Between the Mission Accomplished speech and the Bring It on speech, the persona that Bush had crafted in 2002 came unglued. Surely the last year must seem, to Bush, uncannily like other bad years in his life. Like the year that he and his Harkin friends tried to exploit the opportunities supposedly opened up after the Gulf War I. Or the year his father lost the presidency. All those times in which Bush, who is a terrible businessman, refused to hedge his bets – only to have to hedge them hastily and unprofitably at the last moment. This is always the moment when someone else has to help him out. Bush has a talent for not, immediately, being humiliated by this. Baker, for instance, getting him out of a jam in Florida must have, must have made Bush feel small. And there must have been some satisfaction to lending his ear, in the fall of 2002, to those people who talked his Dad’s men down. 2002 was the election W. won on his own. However, it couldn’t last. Bizarrely, the cowboy persona that Bush and his advisors have crafted out of sheer rhetoric is the one that his political operatives are banking on to get him re-elected. For this reason, we think the capture of Osama now looms as Bush’s great chance in this election. It is a chance to reconnect with his own Will to Believe – which has, on the evidence of the MTP interview, degenerated into longwinded, and exculpatory, clichés. This in itself must be a little humiliating. Bush is just not the Ahab type – he’d rather forget the Great White Whale. We don’t really believe that Bush took Saddam so personally that the war was a get even crusade – after all, the one person with whom the war really got even was Bush’s dad. And he has rubbed that in, with talk about lost opportunities and democracy, ever since. But now that Saddam is captured, he has to go out there and manage to get Osama, who he would just as soon forget. Bush hates to be reminded of the past like this, just hates it. The past is so hard to shape to the way he'd like it to be.

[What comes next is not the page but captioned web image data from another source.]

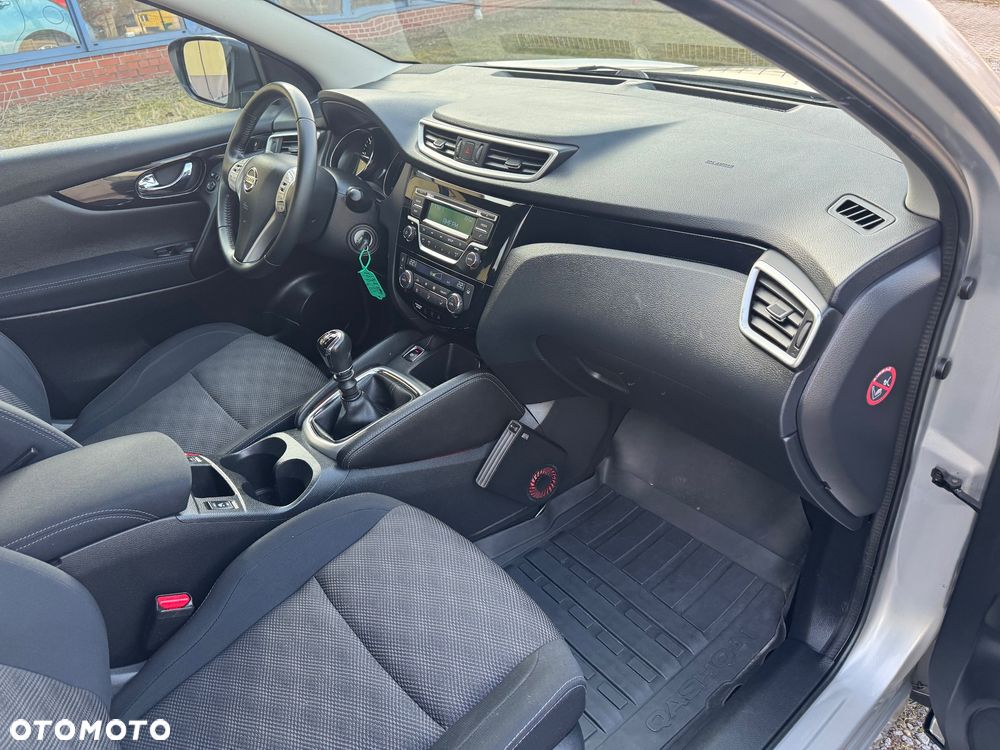 Nissan Qashqai 1.6 dCi 4 x 4 DPF Start/Stop I-Way - 24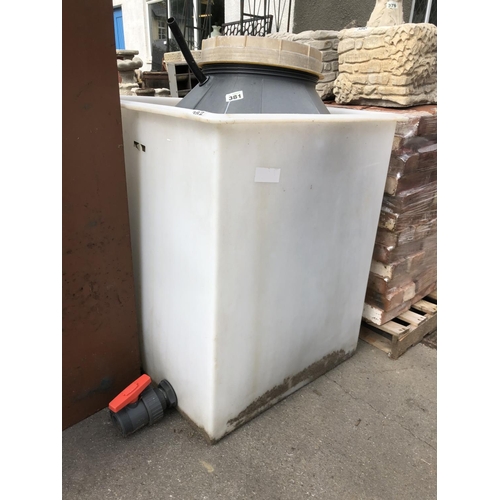 382 - Plastic water storage tank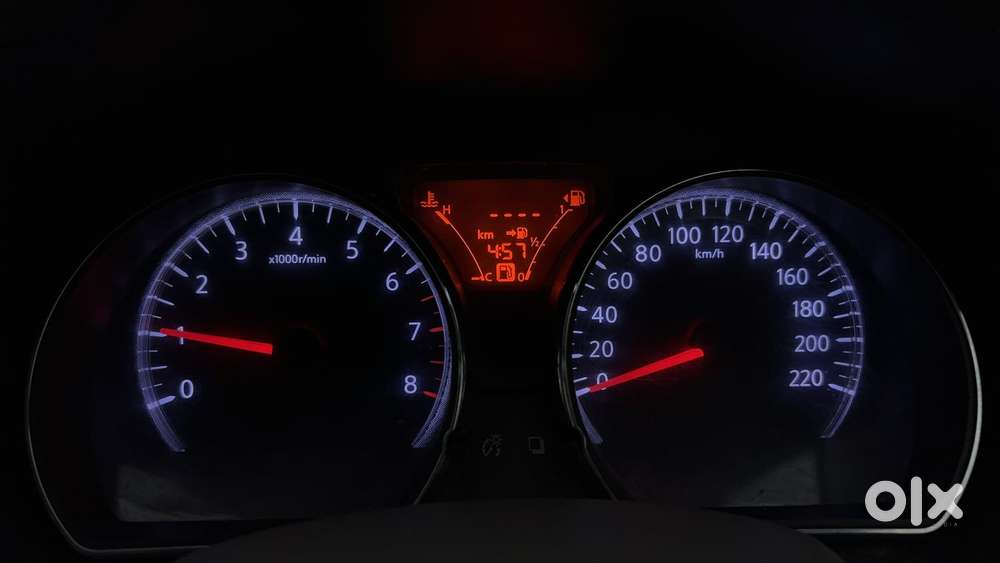 Nissan Sunny Xv, 2014, Petrol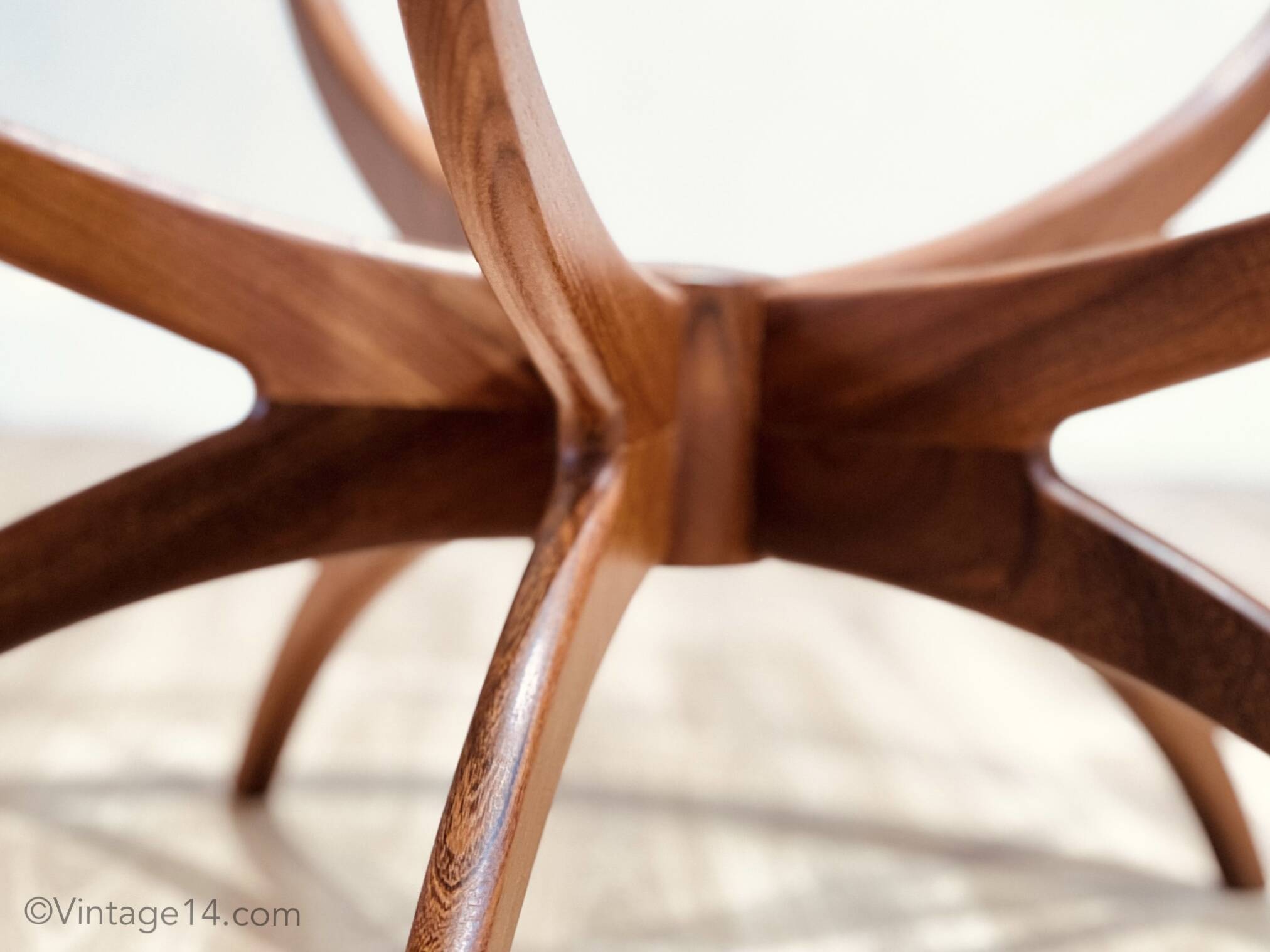 Table basse ronde Spider de G Plan, années 1960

Wayne, of course, is always forced, at a certain moment in his movies, to pardon himself – usually to some woman. Bush differs from a lot of conservatives in being quite comfortable with women, just because (in the one trait he actually does share with Wayne) he trusts women to forgive him. This, by the way, is a little but real victory of Bush over his circumstances, if stories of Barbara Bush are true, since one would think that the upbringing by such a harridan would have exactly the opposite effect. But here there are no forgiving women, no Laura's, to bring him home. It is symbolic in more than one way that Bush, at the moment, is calling on his ex girlfriends to remember that he really did go to Guard training in Alabama. After all, he said so...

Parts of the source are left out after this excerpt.